--- START ---
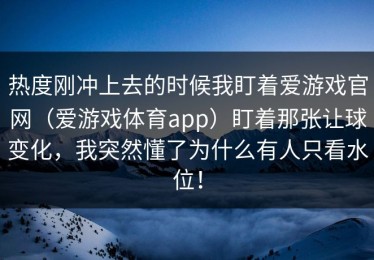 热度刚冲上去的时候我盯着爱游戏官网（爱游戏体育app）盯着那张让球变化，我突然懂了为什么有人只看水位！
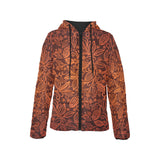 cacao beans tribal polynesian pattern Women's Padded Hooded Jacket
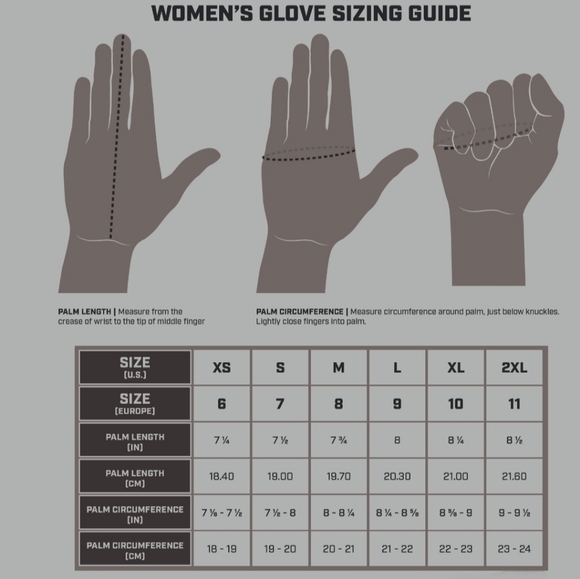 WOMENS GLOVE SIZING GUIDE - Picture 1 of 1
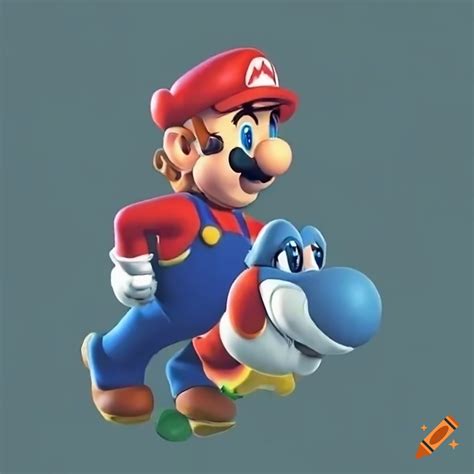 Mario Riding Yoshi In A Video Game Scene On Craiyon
--- END ---
When copying the listing, print each line exactly but leave out every picture.

Response for this exercise:
 热度刚冲上去的时候我盯着爱游戏官网（爱游戏体育app）盯着那张让球变化，我突然懂了为什么有人只看水位！
 cacao beans tribal polynesian pattern Women's Padded Hooded Jacket
 WOMENS GLOVE SIZING GUIDE - Picture 1 of 1
 Mario Riding Yoshi In A Video Game Scene On Craiyon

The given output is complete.